A commercialization plan can be similar to a business plan in many respects, and should include a clear focus on the following topics, supported by customer discovery interviews, data, references, and quotations wherever possible. The agencies provide guidance on Phase 2 commercialization plans, so make sure to follow carefully the specific agency guidance for your application.
1. Technology Description – Include what is unique and innovative, the discovery, insight, secret sauce that makes it work and overcomes the shortfalls of the state-of-the-art.
2. Patent position, patent landscape: prior art, freedom to operate analysis
3. Commercial applications of the technology.
4. Market description, market segments, market size, market/customer validation
5. Competitive landscape
6. Market Barriers and other risks
7. Revenue Model – Discuss how you will make money and what is required to be profitable. For products, discuss what you understand about pricing and indicate the level of validation for this model.
8. Go To Market Strategy – Discuss exactly who you will target initially and long term, and why you will target them, and how you will reach them. For products and devices, think about how to get the first 3 years’ worth of customers, and “evidence” that the strategy will work, and the financial and human resources needed to get you there (product development, patent/legal, regulatory approval, marketing and sales, etc.) and how you will obtain these financial and human resources (financial plan). For life science and medical technology, it might be more appropriate to map out a partnering or licensing strategy, and a regulatory strategy.
9. Metrics and Milestones – What are the key business drivers, metrics, and milestones that need to be achieved to reduce business risk and advance the business?
10. Commercial Team and Partners – what are the partners and team needed to execute on this Plan? What is the status and plans to build out this team?
Having reviewed dozens of SBIR/STTR Phase 2 commercialization plans, here are some of the top problems and weaknesses I have seen:
1. Commercialization “Strategy” – no strategy, just a market study, all secondary research, or just a technology description with no strategy.
2. No serious pain (clear, compelling, intensely painful problem statement).
3. No value proposition or customer segment validation (A common untested assumption/premise by the entrepreneur is that customers understand the shortcomings of the status quo and they will buy exactly what is being proposed at the price being asking and providing no plausible argument of why they will buy.)
4. No pricing validation.
5. No channel strategy.
6. No costing including no customer acquisition strategy or cost and no manufacturing/distribution costs.
7. No assessment of product development costs and regulatory costs to get to a market-ready product.
8. No strategy of how to finance from now to commercial sales and breakeven.
9. No business model validated or even hypothesized.
10. No “Go to Market” strategy clear definition of the initial target market segment.

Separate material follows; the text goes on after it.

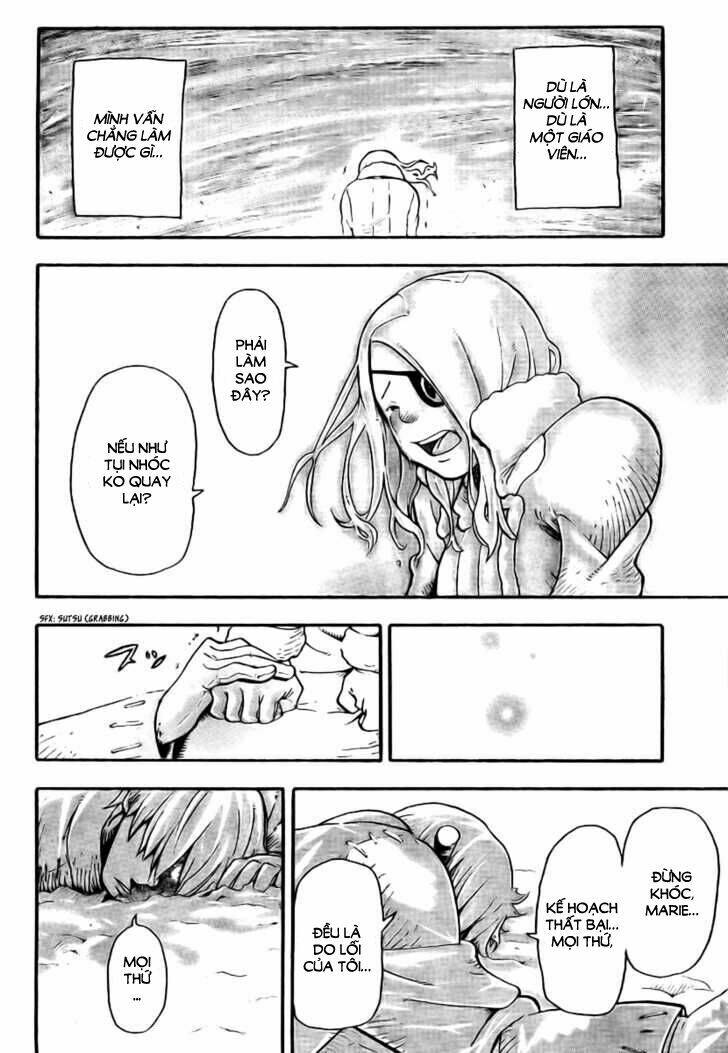 Soul Eater Chapter 36 - Trang 2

11. No key milestones that show measurable progress and reduced risk.
12. No success metrics.
13. No quantifiable impact (public health, economy, employment, energy, environment, exports) if successful and no solid analysis of the total addressable market.
14. No discussion of intellectual property (IP) and patents or IP strategy (strength of patents, defensibility, freedom to operate).
These items refer to business plan weaknesses but are also relevant for commercialization plans.
15. Covers the technology description rather than market and business opportunity
16. Insufficient problem statement, why is this significant, what/how big of a problem is the current alternative and for how many customers/patients and for what financial opportunity and value proposition that will drive market demand?
17. Basically a technology and market description with little to no business model and go to market strategy, or you could say no validated business model.
18. The SWOT is a SWOT of the technology/product, not the business/business model (SWOT = Strengths, Weaknesses, Opportunities, Threats analysis).
19. No IP discussion even though licensing out is the presumed business model.
20. Projections not validated and everything pulled out of the air or crudely estimated rather than well supported by analysis, data, customer interviews, and references.